Enflasyon bir anlamda halkın cebinden para çalmadır. Bu durum en çok alt gelir gruplarını etkiler. Belli az bir gelire sahip ailleler kıt kanaat geçinir. Bütçelerini ayarlar. Klasik eski bir deyim ile ayağını yorganına göre uzatır. 2022yılında yaşanan hayat pahallığı makul oranı bir hayli aşarak, nerdeyse zorunlu tüketim madelerine her gün zam yapılır hale gelince, açlık başlamış sayılıyor.
Türk İş sendikasının açlık sınırı 8 bin lirayı aşarken milyonlarca insan yardıma muhtaç bu paranın yarısını bile bulamiyor.
Hayat pahallığı işte dar gelirliler için böyle bir zulümdür. Siyasi iktidarın halkı açlığa mahkum etmemesi için halkın gelirlerini artırması gerekir.
Zaten AKP iktidarı bu konuda çeşitli defalar bir dönemin Başbakanı şimdi Cumhurbaşkanı Erdoğan yaptığı açıklamararda halkı enflasyona ezdırmeyeceğiz demeçlerini sürekli vermiştir.
Ama, enflasyonun bu kadar yüksek olduğu bir yılda doğru veri olmayan TUİK rakamlarını ölçü alan İktidar dolaysıyla Erdoğan, memur, memur emeklisi, işçi emekli maaş artışlarını düşük vermiştir.
TÜİK 2022 yılı Altı aylık enflasyon oranını ortalama yüzde 16 hesap etmiş. Cumhurbaşkanı Erdoğan kendi yetkisini kullandığını söyleyerek 9 puan artış sağladığını bu oranı aylık yüzde 25 olarak üstelik bir müjde olarak açıklıyor.
Enflasyon çok düşük gösterilerek 9 puanlık bir artışı TÜİK hesabı baz alınarak müjde olarak göstermek malesef somut hayat pahallığını yansıtmiyor.Diğer bir konu Sayın Erdoğan asgari ücreti yüzde 54 artırırken memur ve işçi emeklilerin ücret artışını buna yakın artıracağını söylemişti.
Umutlanan memur, memur ve işçi emeklisi bu rakamın yarısı kadar ücret artışı olduğunu öğrenince şok oldular.
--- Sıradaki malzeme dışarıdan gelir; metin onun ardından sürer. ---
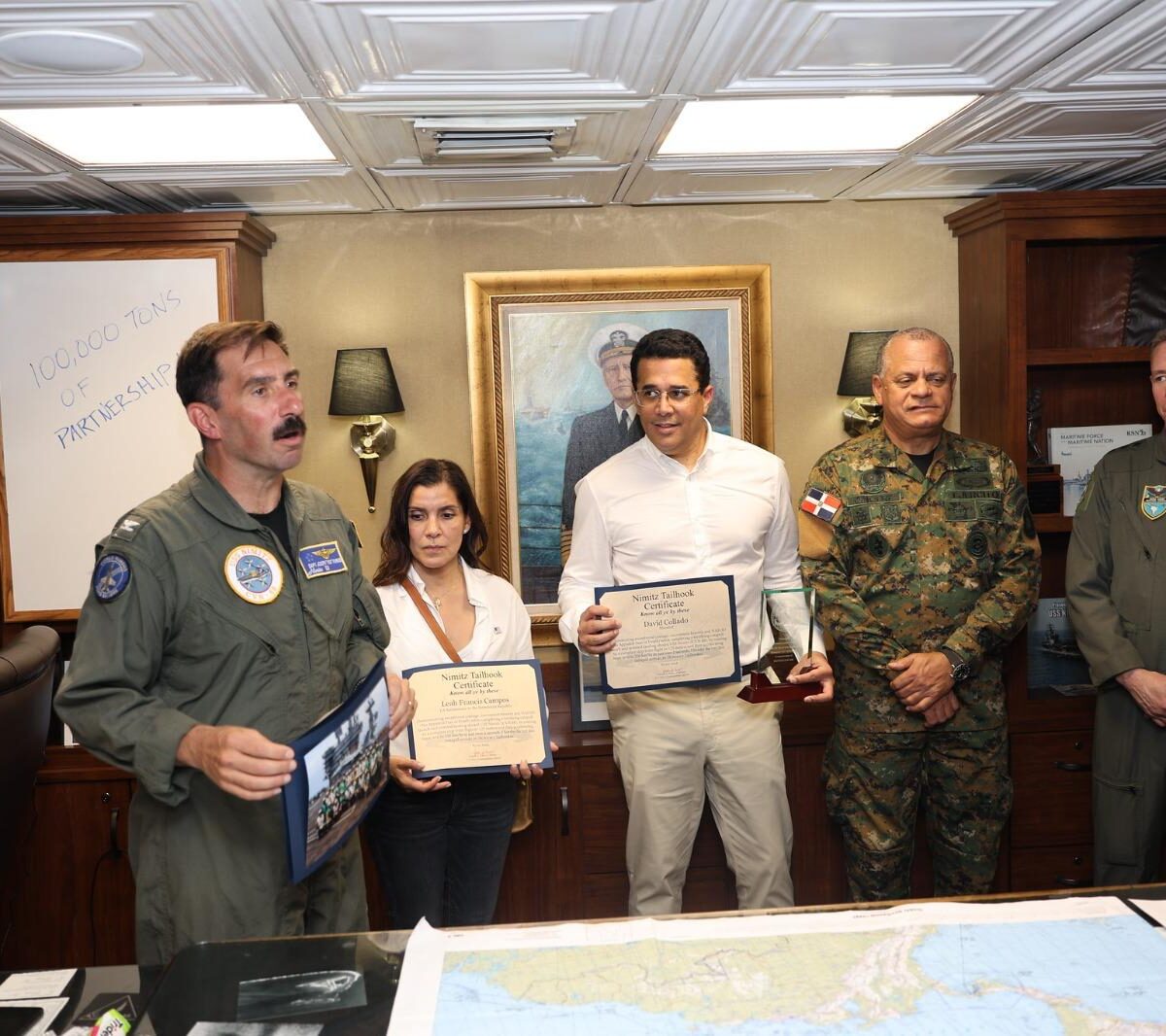 David Collado y embajadora de EE. UU. realizan visita oficial al portaaviones USS Nimitz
Nitekim bu anlaşıldığı için, gelen tepkiler üzerine Cumhurbaşkanı Erdoğan ücret artışını beş puan daha artırarak yüzde 30'a getrdi. Bizim anladığımız birileri sayın Cumhurbaşkanını yanıltıyor. Bir gün arayla açıklanan ücret artışı bunun somut bir göstergesidir. Böyle açıklanan ücret artış oranları bir çelişkidir ve devlet yönetme ciddiyetine yakışmıyor.
Sanırım Erdoğan seçime giderken bir ikilem içerisinde kalmıştır. Maaşları fazla artırsa enflasyon yükselir. Zira Enflasyonnun 2023 te düşeceğini gerek Erdoğan gerek maliye bakanı Nebatı söz vermişlerdi.
Diğer bir sorun ise maaş artışları az olursa bunun seçim de faturasının da ağır olacağı endişesidir.
Ülkemizde özelikle SSK emeklileri arasında büyük oran da maaş farkı vardır. Bazı emekli işçiler 12-13-15-17 bin lira maaş alırken diğerleri ortalama 6- 7 bin lira maaş alıyor.
Sosyal adil bir devlet maaşlar arasındaki büyük farkları makul bir düzeye indirmek zorunluğu duyar. Yok eğer böyle bir kaygı duyulmuyorsa söyleyecek bir sözümüz olamaz.
Yapılması gereken gerçek enflasyon verilerini dikkate alarak a maaş alanlara enflasyon oranları ile birlikte ek ücret verilmesidir Çok maaş alana ise yalnız enflasyon farkı verilmelidir.
Bundan önce Çalışma bakanı Vedat Bilgin bunun belirtiğimiz şekilde yapılacağını söylemesine rağmen, sonra neden bu doğru ve adil yöntemden vaz geçildi. bunu anlamak mümkün değildir.
Ülkenin somut durumu sınıflar arasında çok büyük oranda bir gelir adaletsizliği bulunduğunu gösteriyor. Avrupa, Almanya bizi kıskanıyor söylemleri gerçekleri yansıtmiyor.
Oralarda enflasyon yıllık oranları ülkemizdeki bir aylık enflasyon oranı kadardır. Oralarda asgarı ücret bizden beş kat daha fazladır.
Ülkemizin sosyal ekonomik sorunlarını gidermenin yegane yolu üretimdir, iş alanları açmadır. Bunun başarılı olması için mutlaka israf ve yolsuzluğun giderilmesi gerekir.